**What is being asked:** Copying starts at the line containing "小学英语知识点汇总_第1页" and stops after the last line of the records; each line is repeated exactly, and pictures are skipped.

══ Provided entries ══

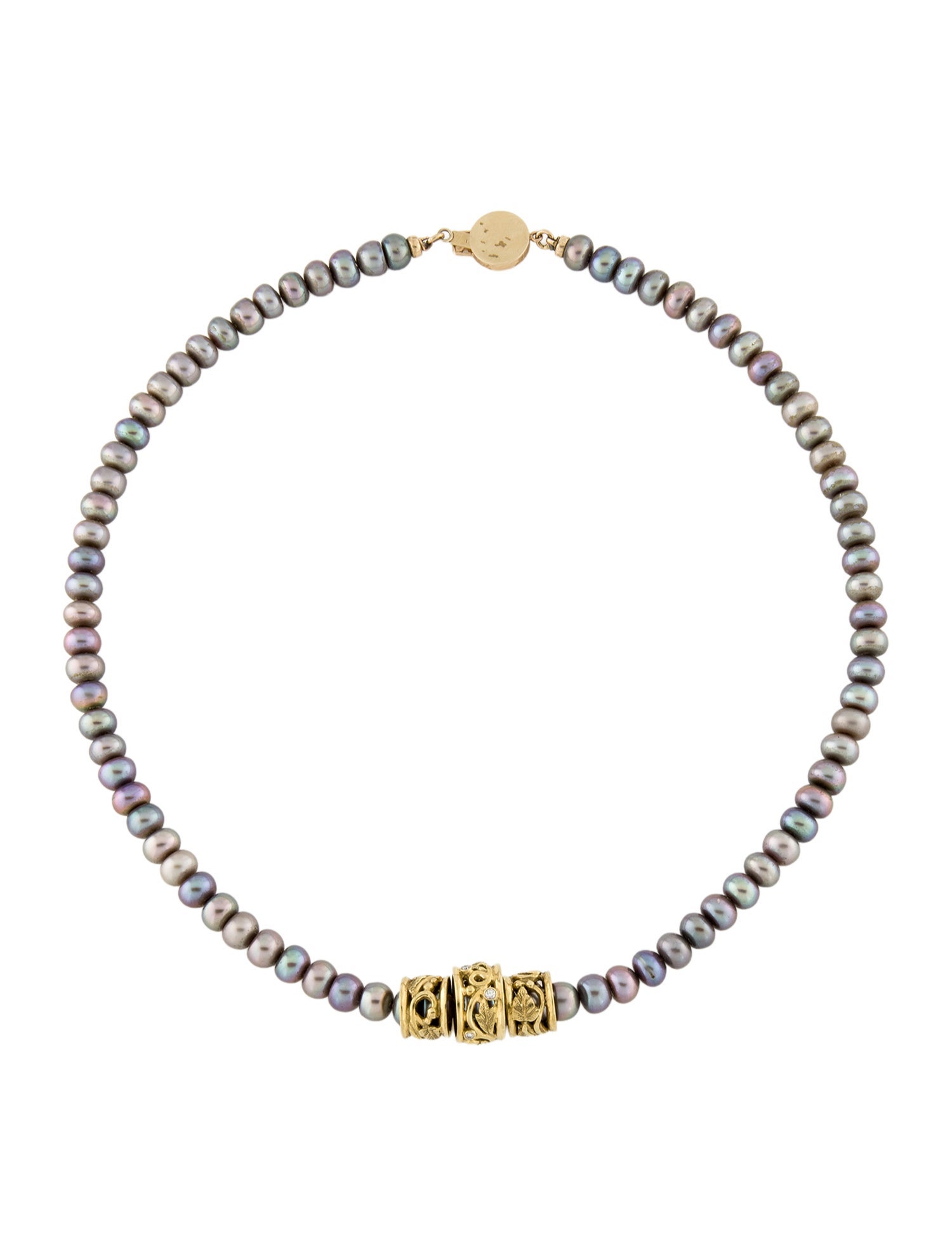 Necklace Pearl & Diamond Bead Strand Necklace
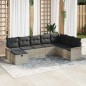 vidaXL Set di divani da giardino 8 pezzi con cuscini grigio chiaro in rattan sintetico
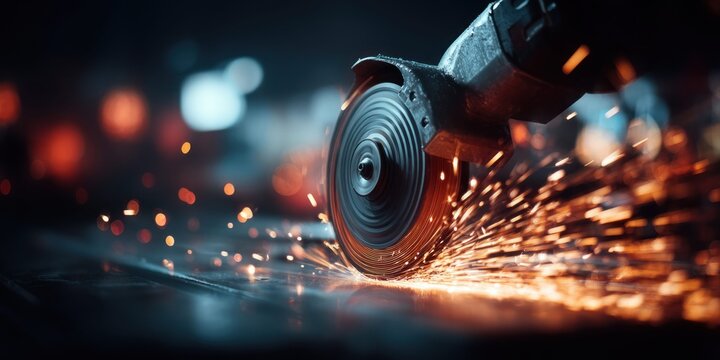 Close-up of an angle grinder creating a shower of bright orange sparks against a dark background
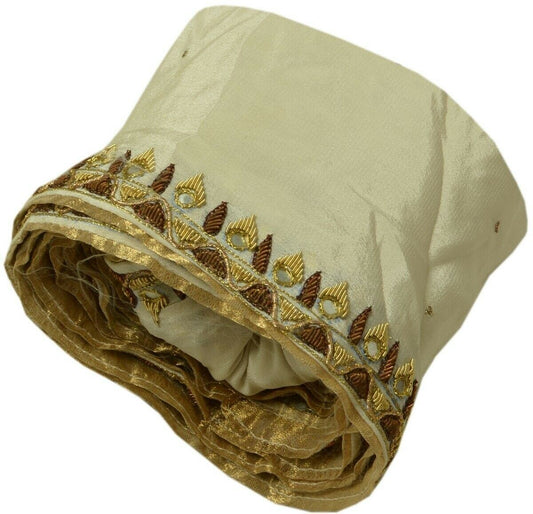 Vintage Sari Border Indian Craft Trim Hand Beaded Mirror Work Cream Ribbon Lace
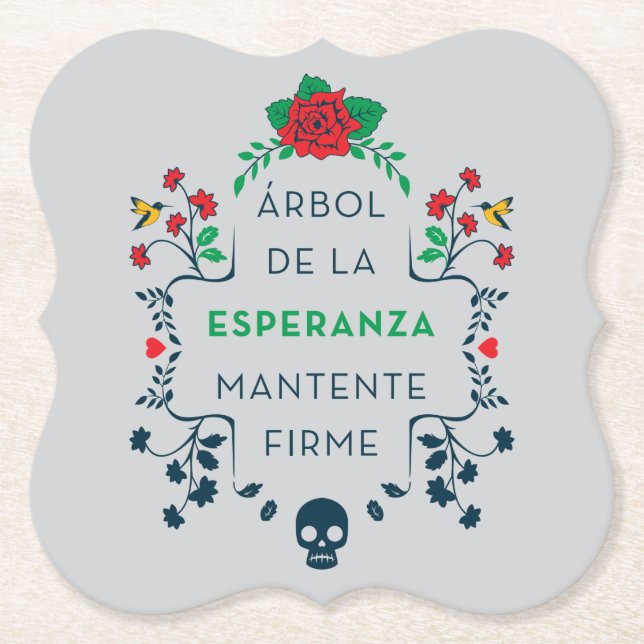 Posavasos De Papel Frida Kahlo el | Árbol De La Esperanza (Anverso)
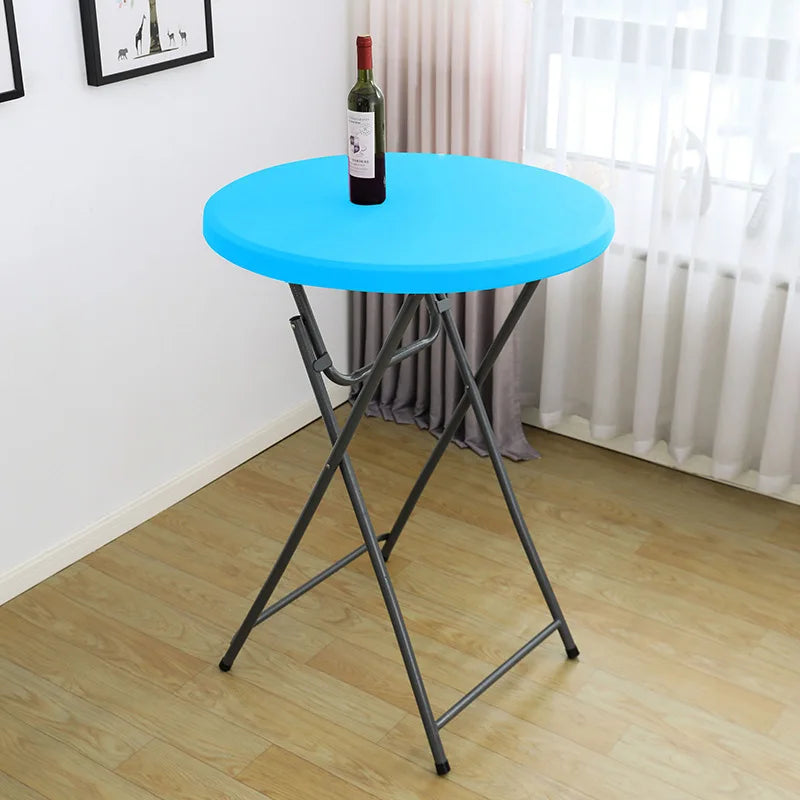 Nappe de Table ronde ajustée de couleur blanche, couverture de Table de Cocktail en Spandex, décoration de Table de Bar haut, extensible élastique résistant aux taches Housse de France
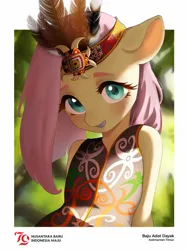 Size: 972x1296 | Tagged: safe, artist:wendy craft tri, derpibooru import, fluttershy, anthro, pegasus, arm behind back, blushing, clothes, female, image, indonesian, jpeg, looking at you, smiling, solo, traditional clothing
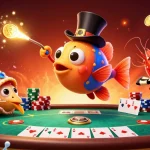 Berinteraksi dengan aplikasi h03 saat ikan pemancing menarik koin dalam suasana kasino yang cerah.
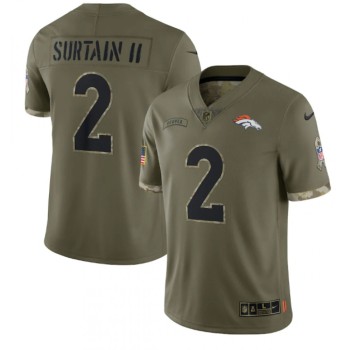 Men's Denver Broncos #2 Pat Surtain II Olive 2022 Salute To Service Limited Stitched Jersey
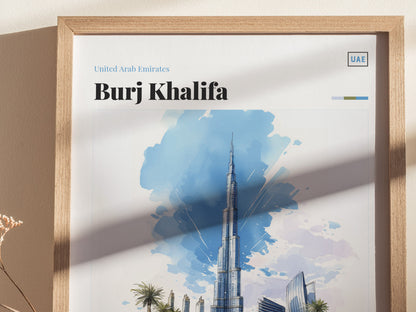 Framed poster featuring a watercolor illustration of the Burj Khalifa with a blue sky background. Text reads United Arab Emirates, Burj Khalifa. Shadows and dried flowers are visible.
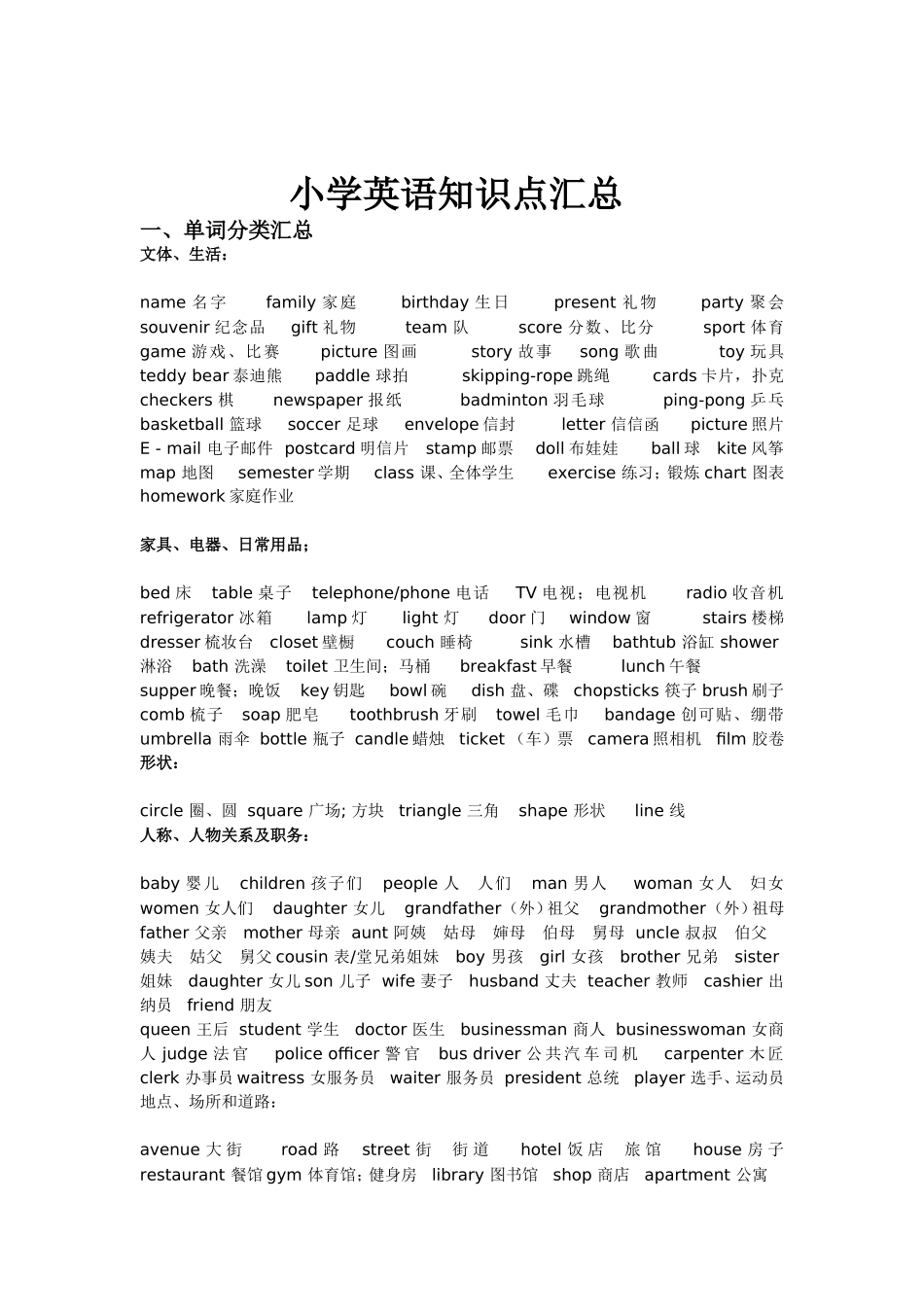 小学英语知识点汇总_第1页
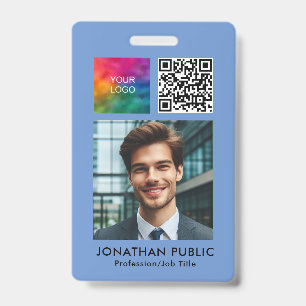 Employee Photo QR Code Business Logo Template Badge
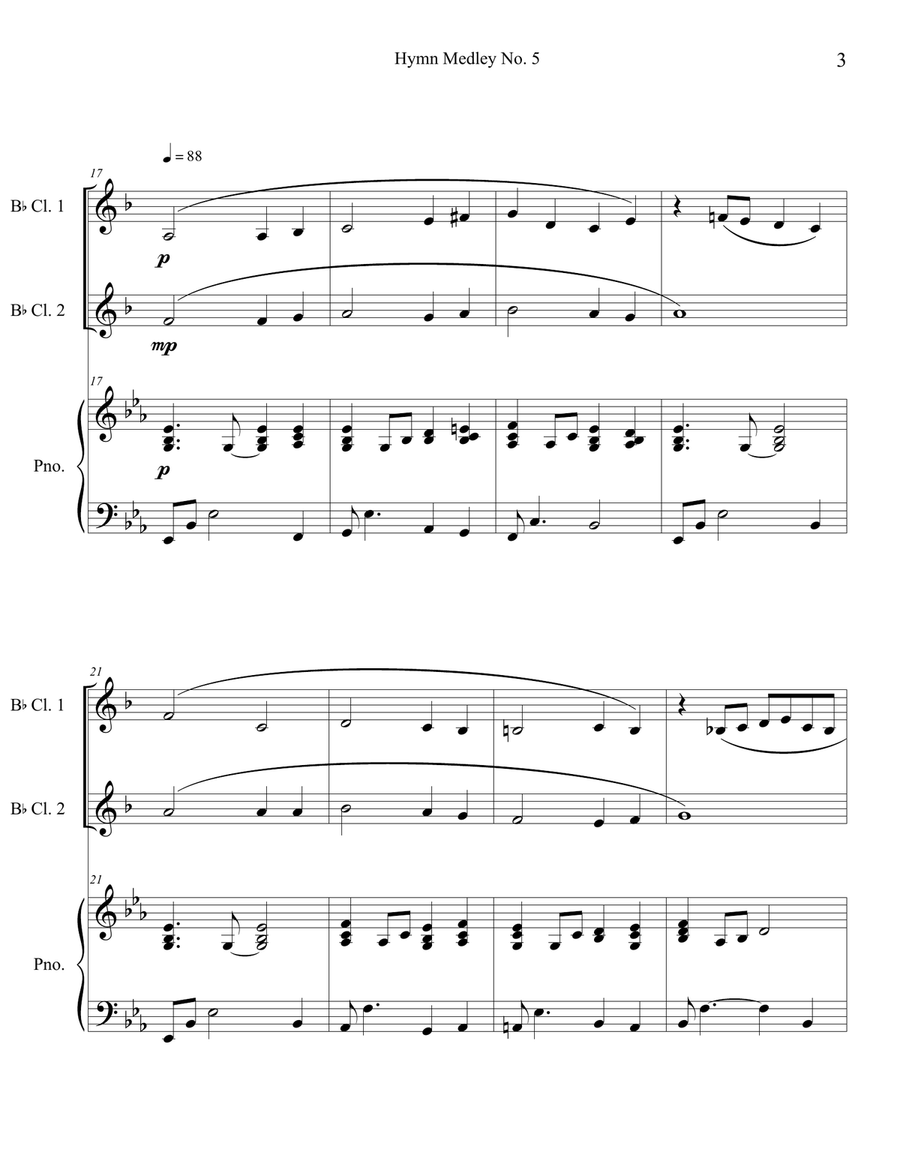 Hymn Medley No. 5 (Clarinet Duet with Piano Accompaniment) Clarinet Duet scores gallery preview page 3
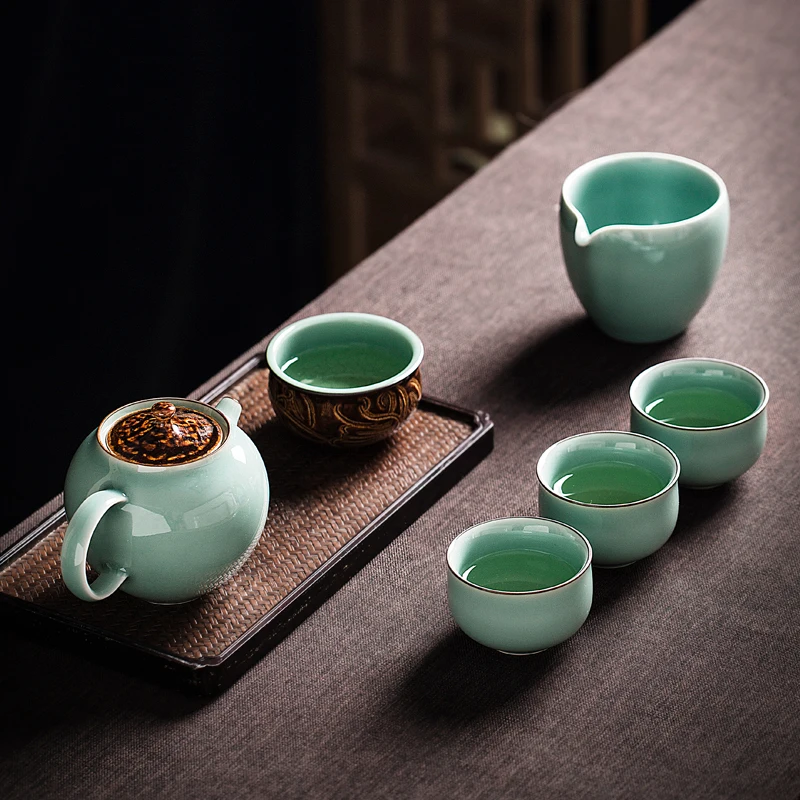 |kung fu tea set home sitting room tea, Chinese style restoring ancient ways is the teapot a complete set of gift boxes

═══

**Task response:**
 小学英语知识点汇总_第1页
 Employee Photo QR Code Business Logo Template Badge
 Hymn Medley No. 5 (Clarinet Duet with Piano Accompaniment) Clarinet Duet scores gallery preview page 3
 |kung fu tea set home sitting room tea, Chinese style restoring ancient ways is the teapot a complete set of gift boxes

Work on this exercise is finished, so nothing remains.